Please some one define to me what are the actual meanings of NON SALARIED EMPLOYMENT.
My second question is how UKBA calculate and treat income comes through Non Salaried Employment.
I applied for spouse visa one of my wife wage slip is less then 1550£.Our lawyer told us that its okay if your one wage slip is less then 1550£.
We applied under cat A.
Thanks


----------



## KHP (Oct 25, 2012)

Warif said:


> Please some one define to me what are the actual meanings of NON SALARIED EMPLOYMENT.
> My second question is how UKBA calculate and treat income comes through Non Salaried Employment.
> I applied for spouse visa one of my wife wage slip is less then 1550£.Our lawyer told us that its okay if your one wage slip is less then 1550£.
> We applied under cat A.
> Thanks


Hi there,

I'm sure all payslips have to show over £1550 per month if you apply under CAT A. If you apply under CAT B and supply 12 months of payslips and one is less than £1550 it is okay if added together the 12 payslips add up to the £18,600 minimum. Your application may well be rejected (or put on hold) if you applied under CAT A. Your legal adviser should know this.

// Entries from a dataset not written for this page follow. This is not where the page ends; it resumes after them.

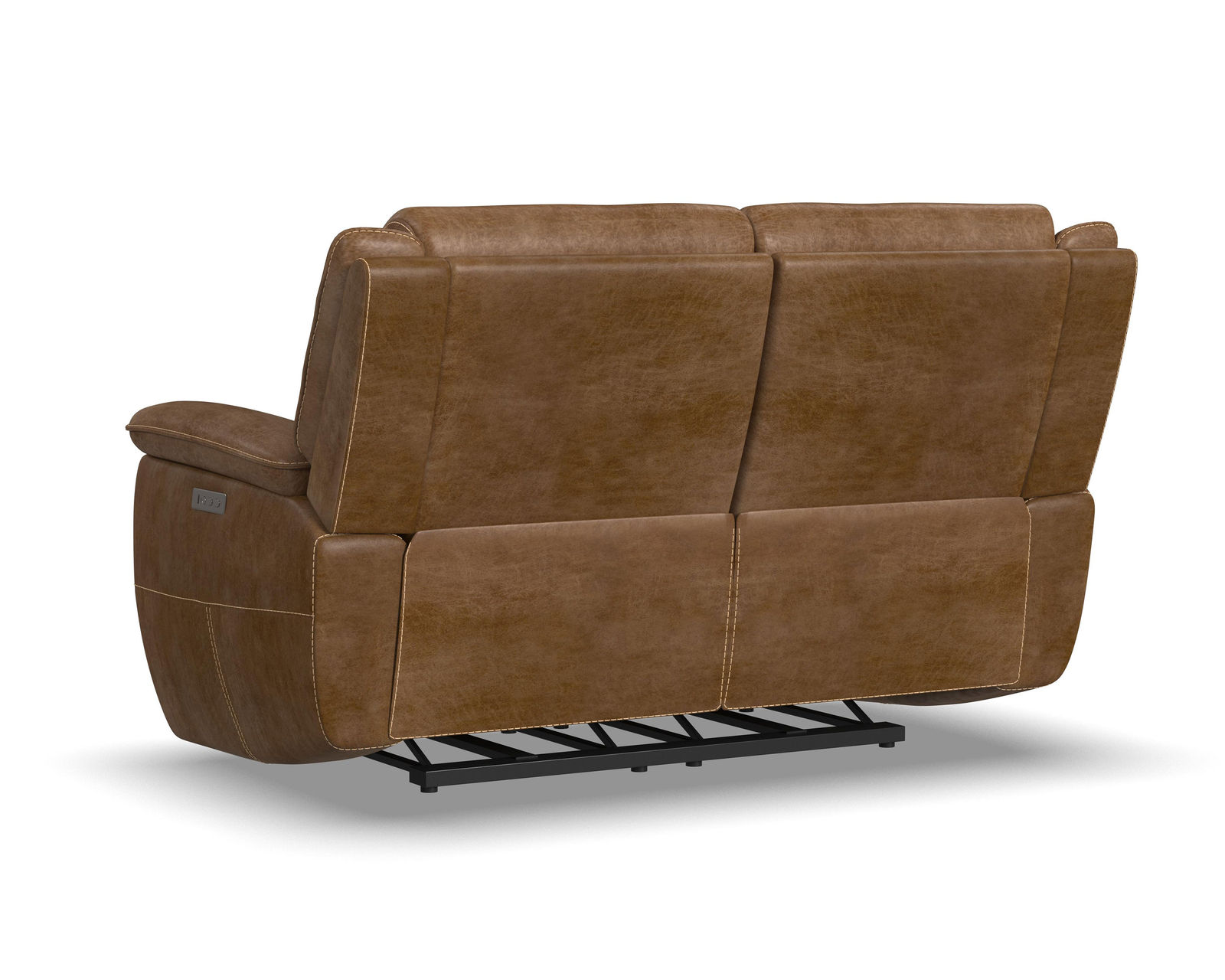 Beau 1011 Power Headrest Power Reclining Loveseat (Caramel faux leather fabric) in stock - Beau Power Reclining Loveseat with Power Headrests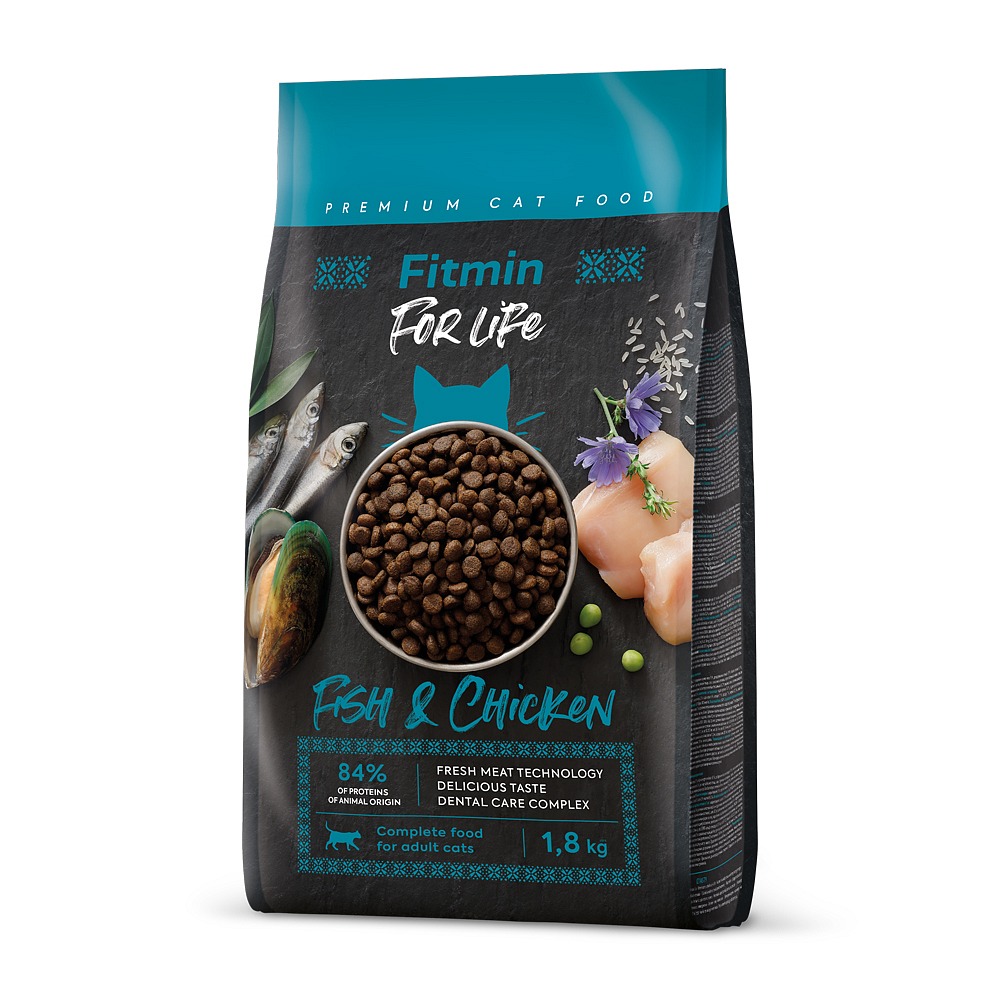 NEW Fitmin Cat For Life Adult Fish And Chicken 1,8kg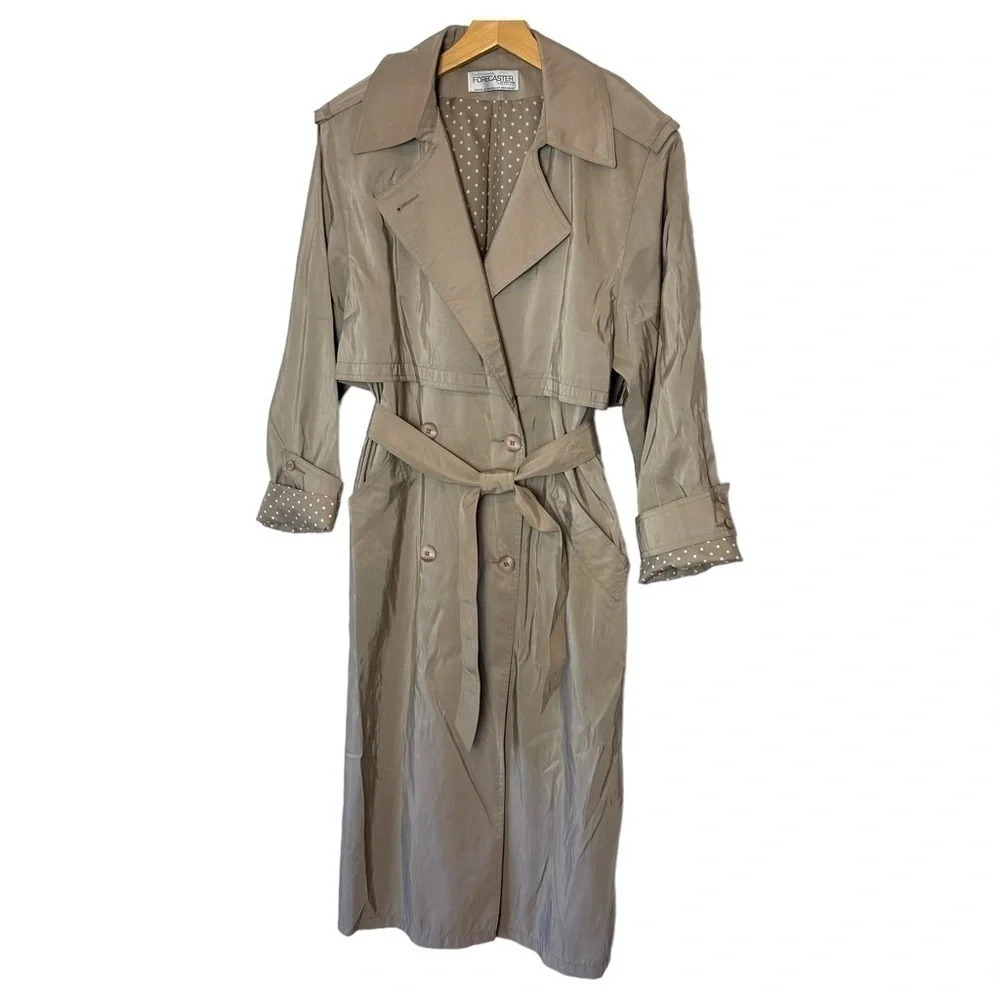 Forecaster of‎ Boston tan lightweight double breasted long trench coat size 10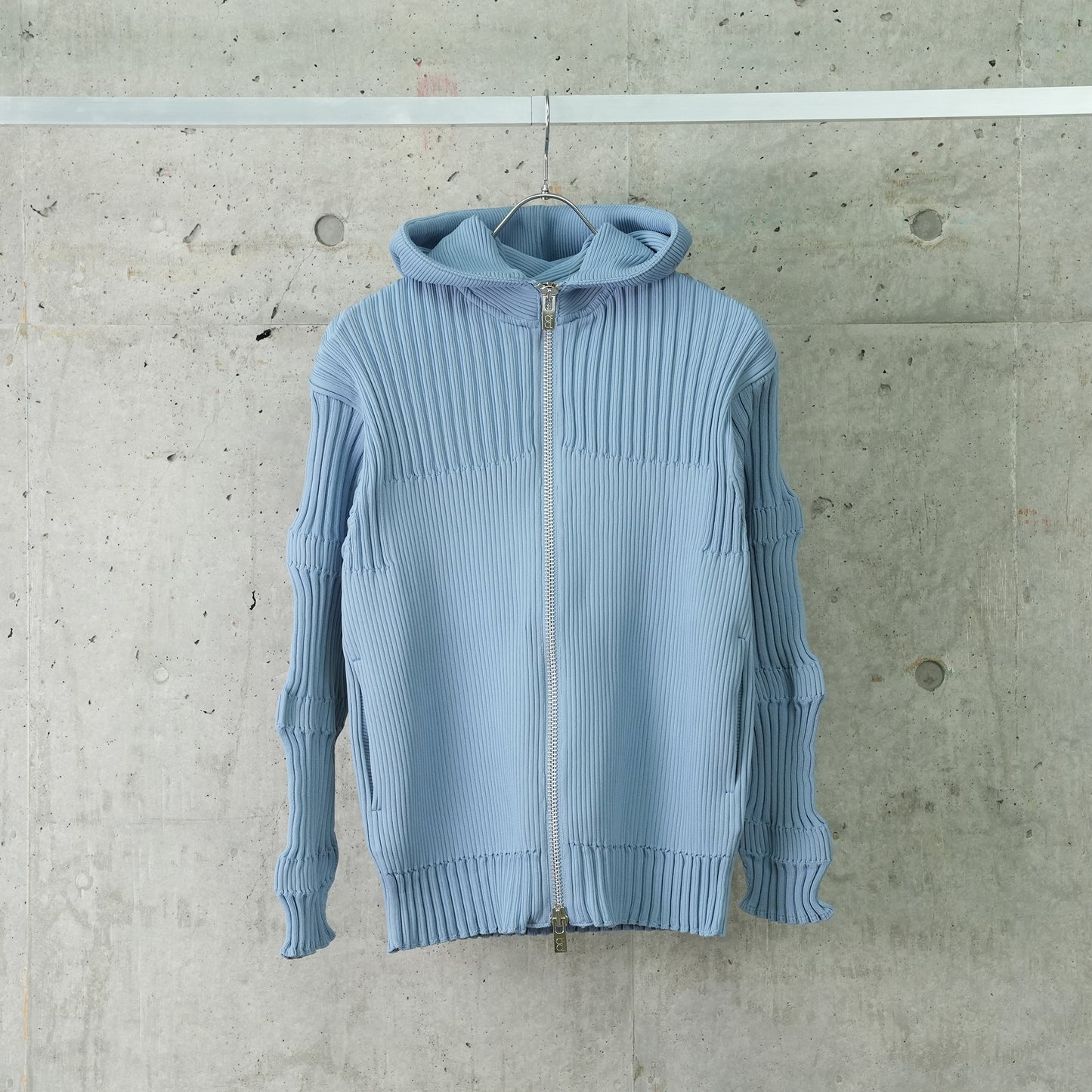 FLUTED HOODIE JACKET / ROBIN EGG BLUE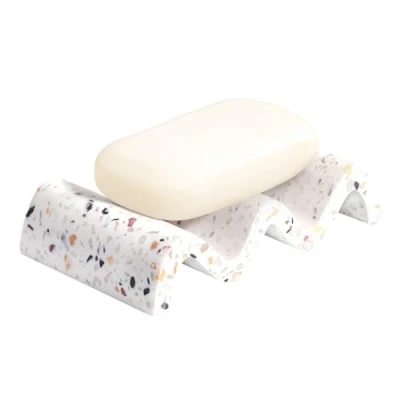 Immagine di Luxspire Portasapone Domestico, Drenante, Porta Saponetta per Bagno Cucina, in Resina a Onda, Contenitori Sapone Impermeabile, Organizer Sapone, Spugna, Colore/Bianco
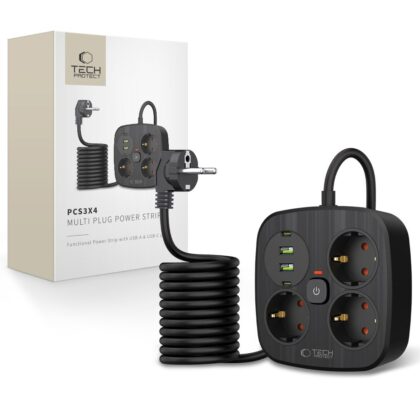 TECH-PROTECT PCS3X4 ΤΡΟΦΟΔΟΤΙΚΟ 2 USB & 2 TYPE-C & 3 ΠΡΙΖΕΣ 200CM ΜΑΥΡΟ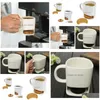 Muggar Creative Ceramic Biscuit Cups 8oz 6oz Coffee Milk Dessert Tea Cup Botten förvaring för kakkakor Pockets Holder Drop Delive Dhung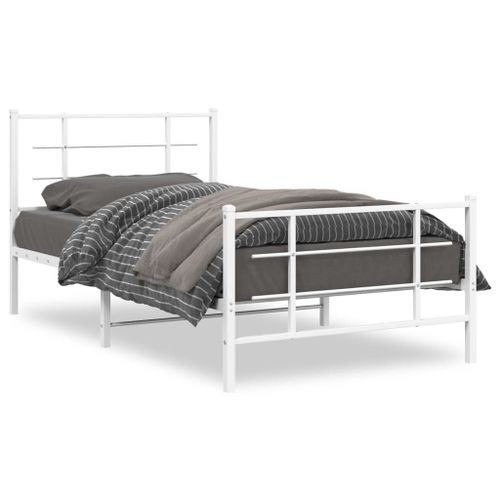 Vidaxl Cadre De Lit Métal Sans Matelas Et Pied De Lit Blanc 100x190 Cm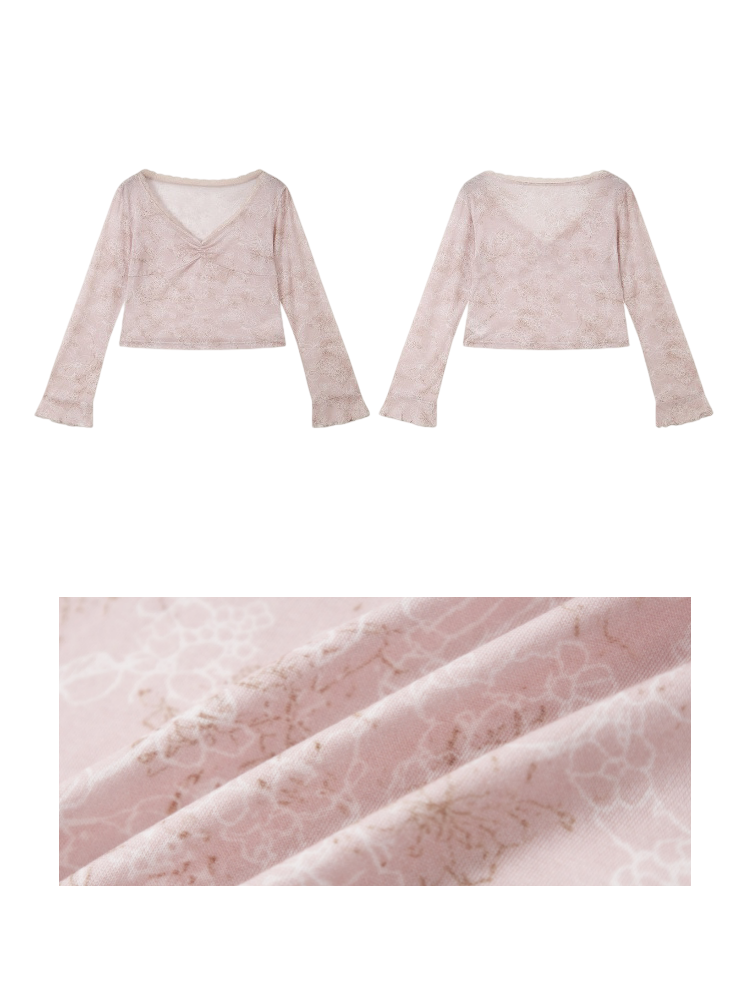 Retro Slightly Flared Cuff Short Lace Print V-Neck Long Sleeve T-Shirt【s0000018168】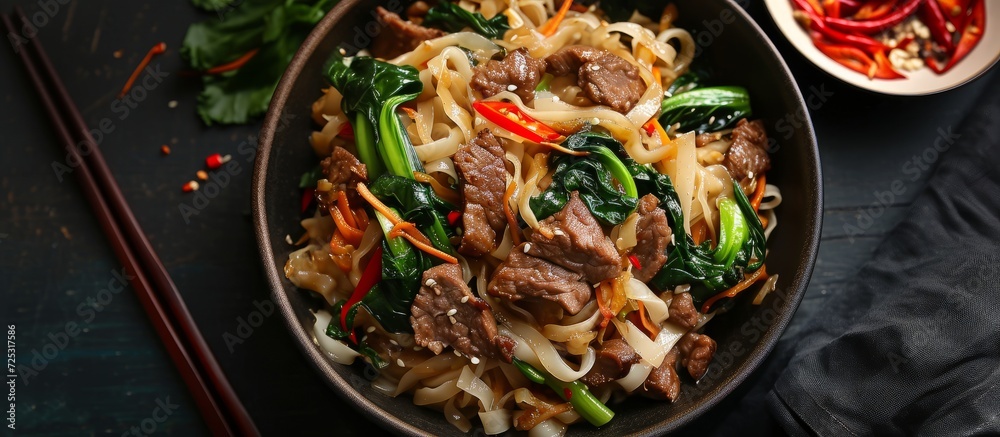 Beef and baby bok choy stir-fried with rice noodles. - obrazy, fototapety, plakaty 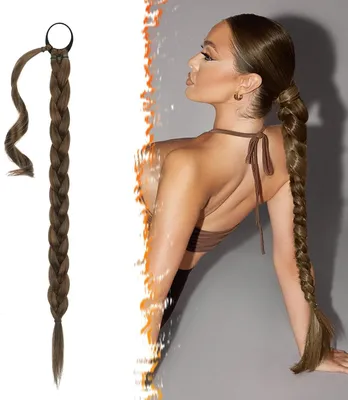 Productafbeelding van Lange Gevlochten Paardenstaartverlenging met Haarband - Synthetische Haarextensions voor Vrouwen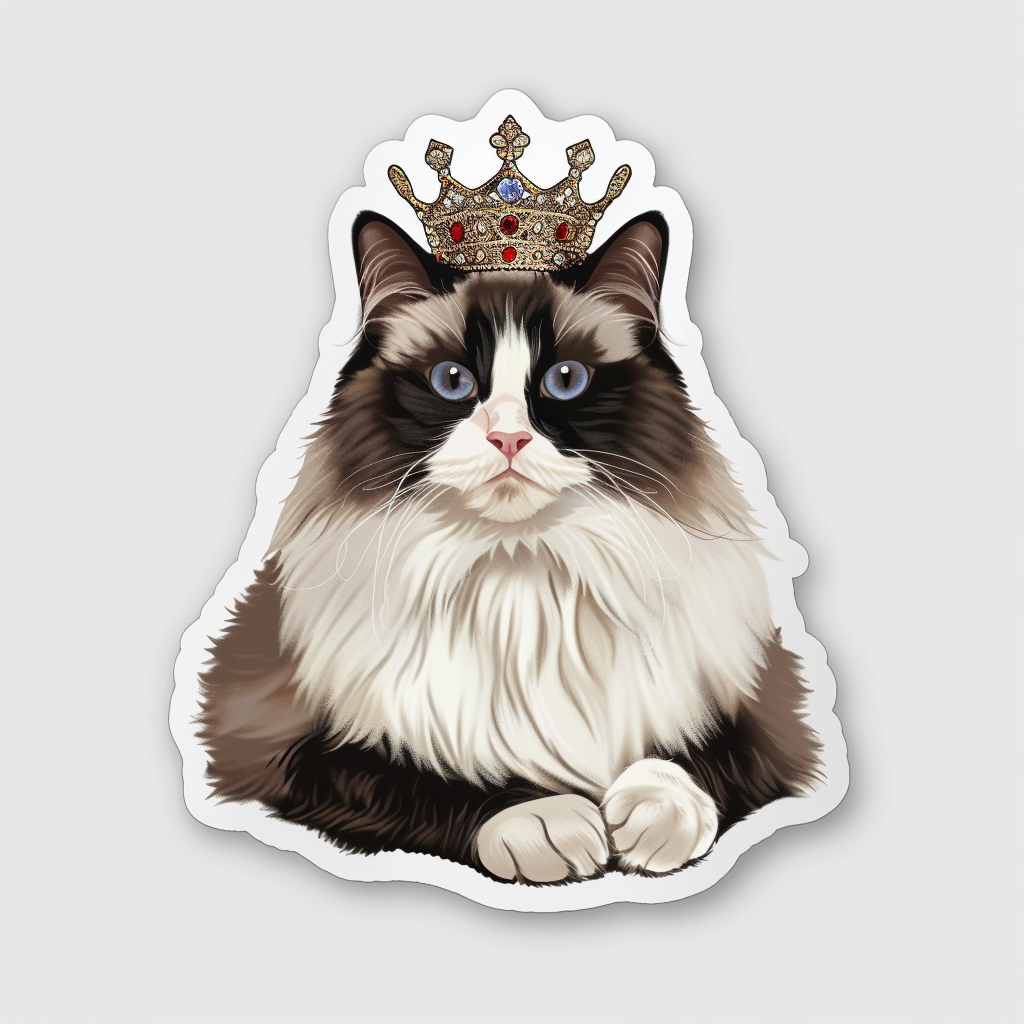 Ragdoll Cat crowned Vinyl Decal Sticker for Car, Laptop, Tumbler and more # F010216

Someone more knowledgeable will have to answer you question about non-salaried employment.

Good luck,
KHP


----------



## Warif (Mar 27, 2013)

KHP said:


> Hi there,
> 
> I'm sure all payslips have to show over £1550 per month if you apply under CAT A. If you apply under CAT B and supply 12 months of payslips and one is less than £1550 it is okay if added together the 12 payslips add up to the £18,600 minimum. Your application may well be rejected (or put on hold) if you applied under CAT A. Your legal adviser should know this.
> 
> ...


Non-salaried income = (gross earnings from employment held throughout the 6 month period, divided by 6) x 12
= ((25 weeks x 450 + 1 week x 150) ÷ 6) x 12
= (11,400 ÷ 6) x 12
= £22,800
So the financial requirement is met through Category A non-salaried employment.
I just read this on ukba website.


----------



## KHP (Oct 25, 2012)

Warif said:


> Non-salaried income = (gross earnings from employment held throughout the 6 month period, divided by 6) x 12
> = ((25 weeks x 450 + 1 week x 150) ÷ 6) x 12
> = (11,400 ÷ 6) x 12
> = £22,800
> ...


Yes, you should be OK then.

Good luck.
KHP


----------



## Joppa (Sep 7, 2009)

Non-salaried employment is when your pay varies depending on how much work you do, such as those who are daily or hourly paid. To evidence such income, just add up all the pay received over 6 months and double it. Employment letter and contract will make it clear if you are salaried or not (such as hourly paid, on zero-hour contract etc). If you are salaried, even one monthly pay slip below £1,550 will disqualify you under Cat A.


----------